Consolidating print servers Chating with horny girl
If you don’t, then as of July 14th there will be no more updates, no savings, no compliance, and no safe haven.
If you’re like me, that doesn’t make you comfortable—so you have to review your options.
I know—just reading those words probably gives you a headache. As you likely know, Microsoft has announced that it will end its support of Windows Server 2003/R2 on July 14, 2015.
With that end-of-life (EOL) date upon us, it’s time to prepare and migrate to either Windows Server 2008/R2 or Windows Server 2012/R2.
There are a variety of applications and methods to assist with the transfer of many of these services, but printing remains a particular migration challenge for most organizations.
When it comes to migrating the print service to your new server, here are the steps you’ll need to go through: Currently, the most common method used when migrating print servers is to export then re-import the printers through the Print Management Console.
The first is the rip-and-replace, where you swap your old servers for the newer version. So let’s take a deeper look at your options and break down the steps involved in each, with specific emphasis on available print server migration paths.So you may be tempted to consolidate your print servers as well into a single, centralized print server.I could go on for paragraphs about options and issues that you’ll likely face (and, in fact, we have in this white paper), but I think you get the point.

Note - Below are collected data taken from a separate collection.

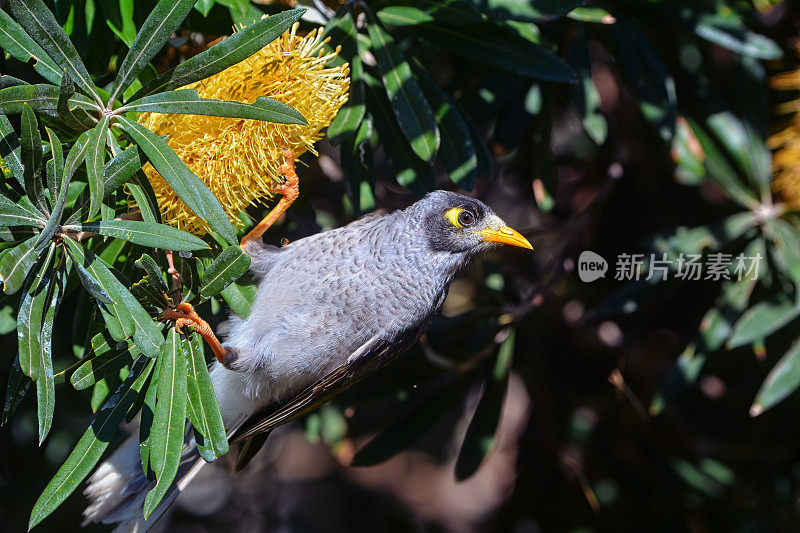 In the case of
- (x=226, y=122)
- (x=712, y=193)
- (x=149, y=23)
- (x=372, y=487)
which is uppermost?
(x=149, y=23)

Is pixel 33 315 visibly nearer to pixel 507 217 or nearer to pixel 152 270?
pixel 152 270

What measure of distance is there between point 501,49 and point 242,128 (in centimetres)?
88

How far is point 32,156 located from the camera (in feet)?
4.35

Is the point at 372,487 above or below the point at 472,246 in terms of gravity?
below

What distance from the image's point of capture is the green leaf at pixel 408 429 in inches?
122

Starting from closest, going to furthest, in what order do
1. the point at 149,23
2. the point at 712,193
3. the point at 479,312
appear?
the point at 149,23
the point at 479,312
the point at 712,193

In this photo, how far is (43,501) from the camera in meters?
1.46

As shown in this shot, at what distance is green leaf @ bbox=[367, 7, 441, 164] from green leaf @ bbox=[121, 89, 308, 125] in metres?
0.58

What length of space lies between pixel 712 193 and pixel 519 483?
1826 mm

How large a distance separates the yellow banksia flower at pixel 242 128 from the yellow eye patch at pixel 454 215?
551mm

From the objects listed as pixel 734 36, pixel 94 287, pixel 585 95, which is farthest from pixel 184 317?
pixel 734 36

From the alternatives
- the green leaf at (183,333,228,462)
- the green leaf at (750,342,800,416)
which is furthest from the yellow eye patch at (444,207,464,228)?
the green leaf at (750,342,800,416)

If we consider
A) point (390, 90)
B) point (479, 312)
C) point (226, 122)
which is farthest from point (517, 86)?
point (226, 122)

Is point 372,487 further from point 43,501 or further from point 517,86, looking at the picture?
point 43,501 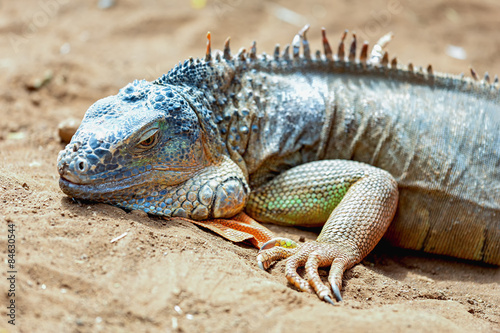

Data Center Consolidation Given the difficulties involved in replacing old hardware with new, now is a great time to consider a server consolidation initiative.With new technologies it is rather simple to move file services to the data center and allow users to access files over better WAN connections (which weren’t there back when the 2003 file server was put in place).Replacing Old Servers with New Hardware I’ve always found it funny that people refer to this option as the “rip-and-replace” option. Just rip out your old servers, plug in new ones, and you’re good to go—right? The problem with replacing your old Windows Server 2003 hardware with Windows Server 2012 is that you need to migrate everything from the 2003 hardware to the 2008/2012s.
Your 2003 servers potentially have file, print, DHCP, DNS or other services on them.